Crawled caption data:
--- START ---

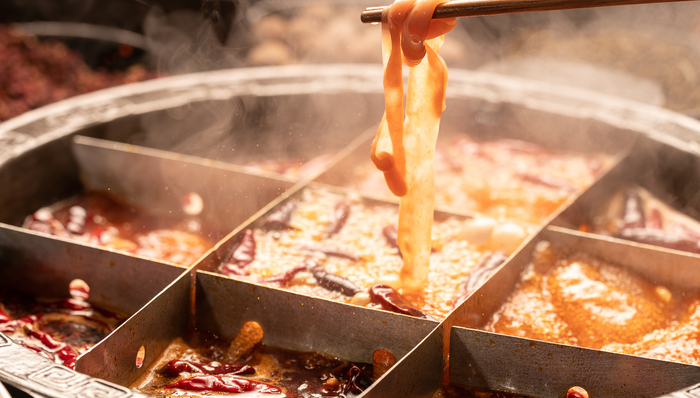 中国火锅行业发展报告：员工薪资低，且流失率最高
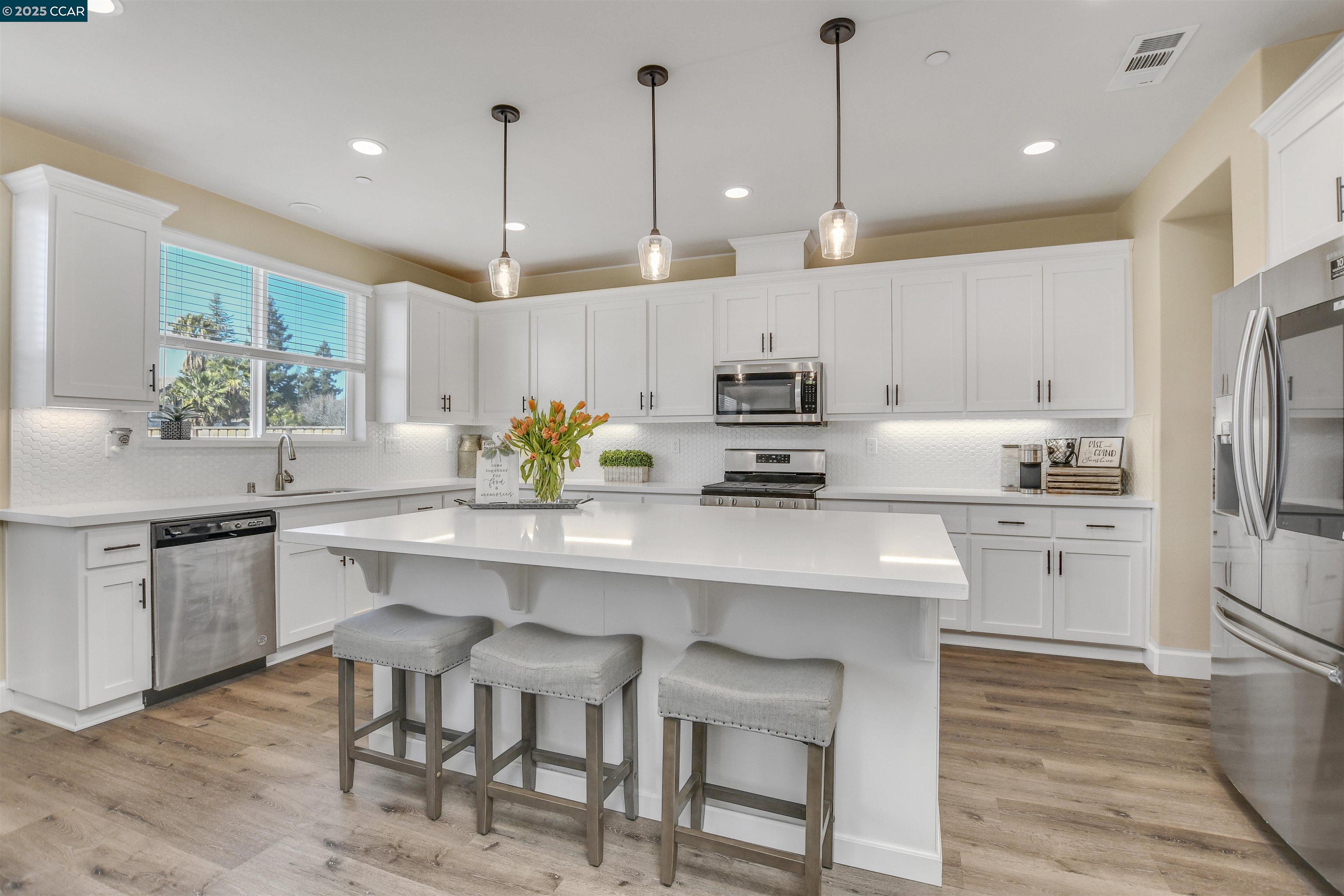 Detail Gallery Image 4 of 46 For 5420 Promontory Way, Antioch,  CA 94531 - 4 Beds | 3/1 Baths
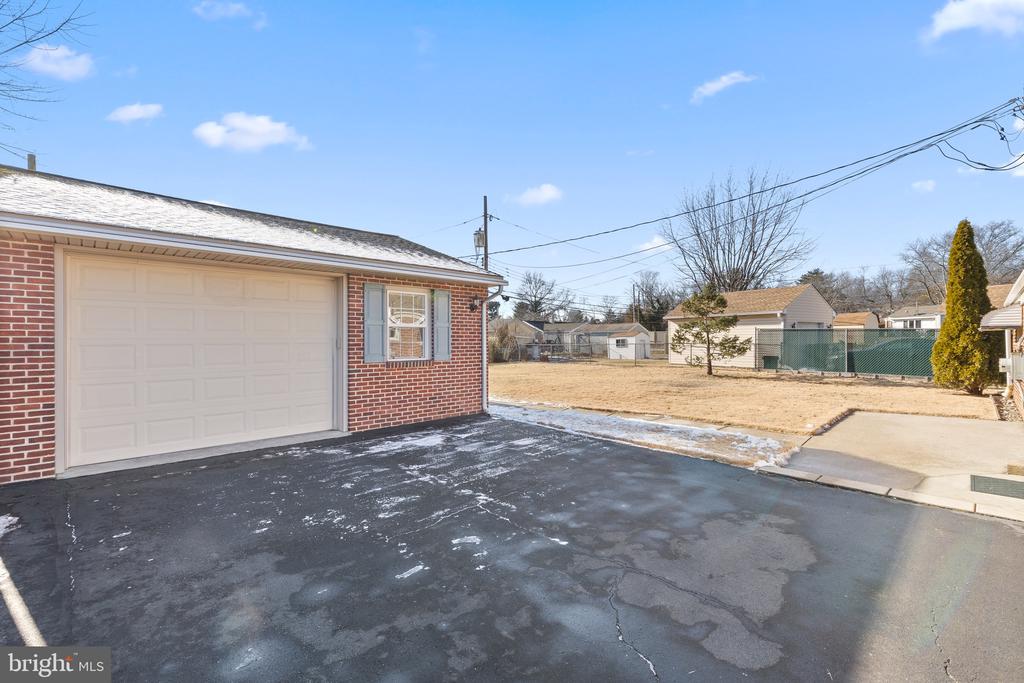 2754 WOODLAND ROAD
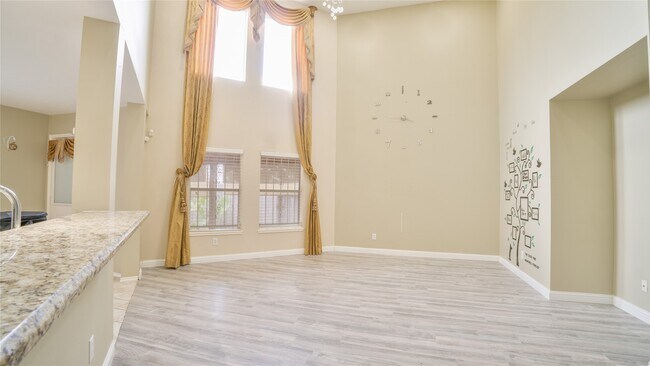 Foto del edificio - 12819 Wisteria Park Dr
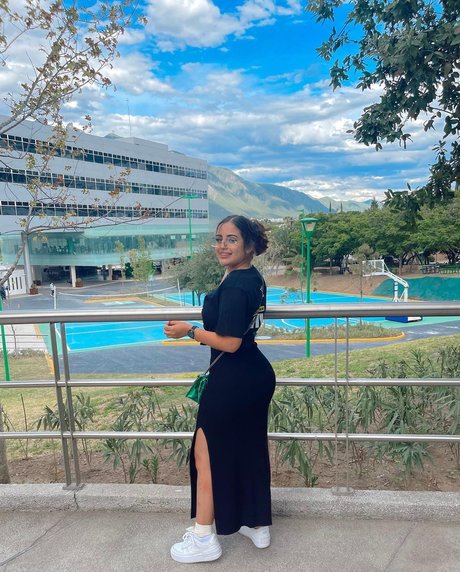 Frida Najera hot model pictures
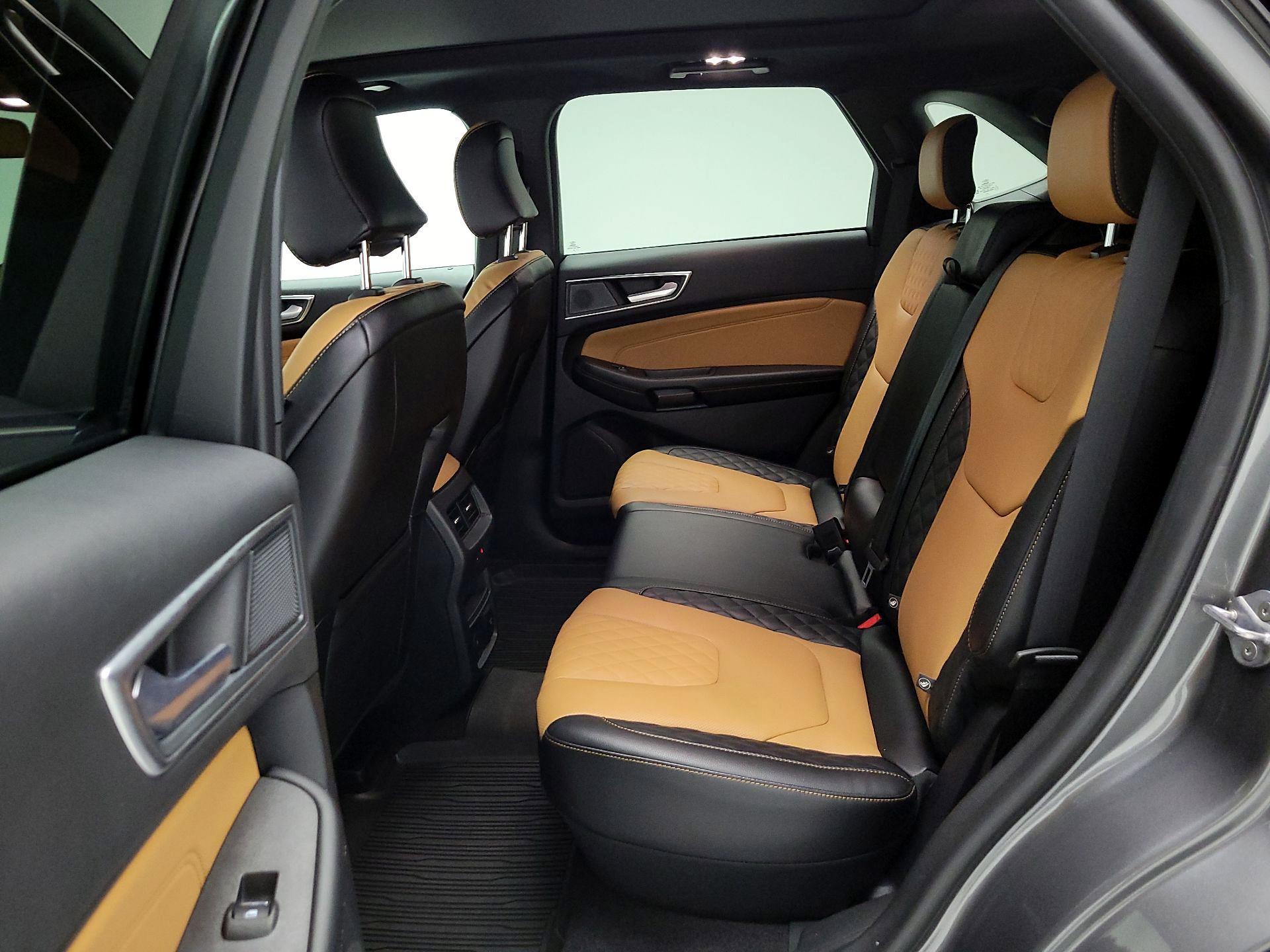 Thumbnail: 2024 Ford Edge - 18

--- END ---

WHAT IS BEING ASKED: Restate it all word for word: every record, no pictures.

OUTPUT OF THE EXERCISE:
 中国火锅行业发展报告：员工薪资低，且流失率最高
 Detail Gallery Image 4 of 46 For 5420 Promontory Way, Antioch,  CA 94531 - 4 Beds | 3/1 Baths
 2754 WOODLAND ROAD
 Foto del edificio - 12819 Wisteria Park Dr
 Frida Najera hot model pictures
 Thumbnail: 2024 Ford Edge - 18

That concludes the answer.